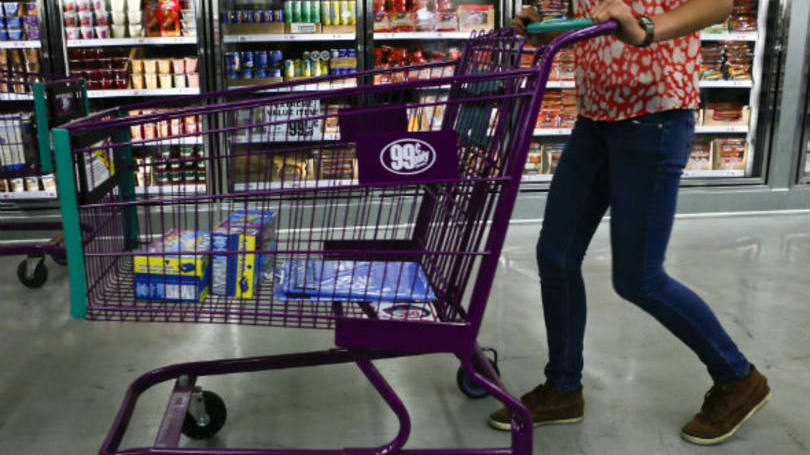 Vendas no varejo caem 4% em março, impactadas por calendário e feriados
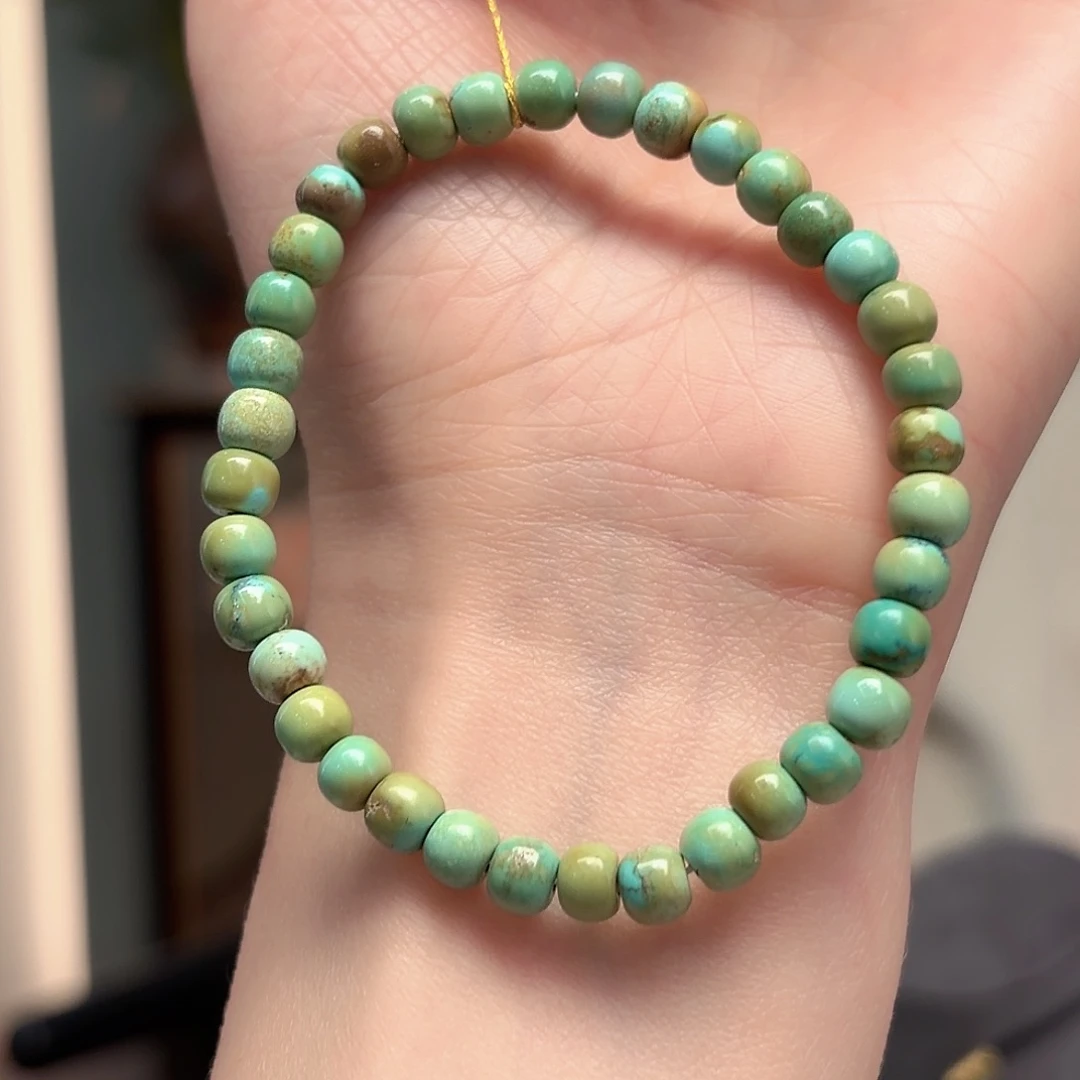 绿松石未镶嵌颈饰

* * *

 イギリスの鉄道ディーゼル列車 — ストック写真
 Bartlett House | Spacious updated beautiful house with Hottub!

__Brief__
Among the entries above, the line containing "イギリスの鉄道ディーゼル列車 — ストック写真", the line containing "Bartlett House |", and all lines between them are to be restated word for word; nothing else belongs in the reply.

__Expected answer__
 イギリスの鉄道ディーゼル列車 — ストック写真
 Bartlett House | Spacious updated beautiful house with Hottub!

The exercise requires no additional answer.